Ele prosseguiu mencionando a atuação de Fernanda Montenegro e Fernanda Torres, enaltecendo a forma como elevaram o talento brasileiro. Também fez menção à música brasileira, incluindo Caetano Veloso, Gal Costa e Erasmo Carlos. Salles ressaltou o talento de profissionais brasileiros, tanto à frente quanto atrás das câmeras, compartilhando o prêmio com todos que consideraram essencial contar essa história.
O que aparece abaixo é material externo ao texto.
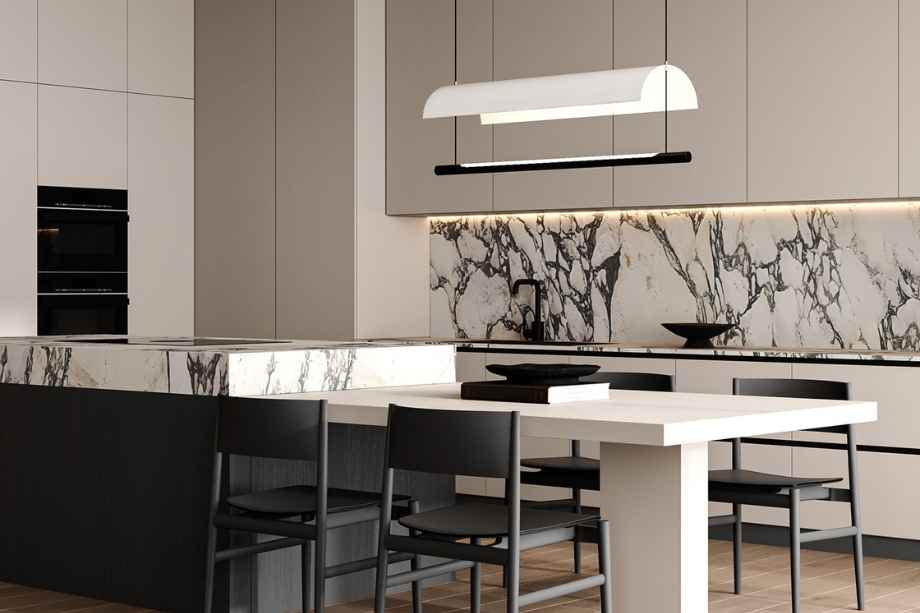 Mega-75-Internal-Dinning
Walter Salles Ainda Estou Aqui

Começo do problema

O momento de destaque aconteceu quando Salles referiu-se à música brasileira, porém com um pequeno deslize. Acontece que a gafe foi cometida ao agradecer Erasmo Carlos, que faleceu em novembro de 2022, sem fazer menção a Roberto Carlos.

O filme vencedor do Oscar, “Ainda Estou Aqui”, solicitou autorização para utilizar músicas de Roberto Carlos, tendo Fernanda Torres intercedido pessoalmente ao ligar para o cantor e obter a sua aprovação. No entanto, ao agradecer e dedicar a estatueta aos cantores brasileiros, Salles esqueceu-se de agradecer também ao Rei, fazendo referência apenas a Erasmo Carlos.

Conquista inédita

“Ainda Estou Aqui” apresenta duas canções de Roberto Carlos: “É preciso dar um jeito, meu amigo”, de 1971, e “As curvas da estrada de Santos”, de 1969. Embora a primeira tenha sido popularizada por Erasmo Carlos, ela foi escrita pelo próprio Roberto. No entanto, tudo pode ter sido apenas um pequeno lapso de Walter Salles.

Além do histórico prêmio de Melhor Filme Internacional, “Ainda Estou Aqui” concorreu a outras duas estatuetas: Melhor Atriz para Fernanda Torres, que interpretou Eunice Paiva no filme, e Melhor Filme, a principal categoria da premiação. A indicação representou um feito sem precedentes.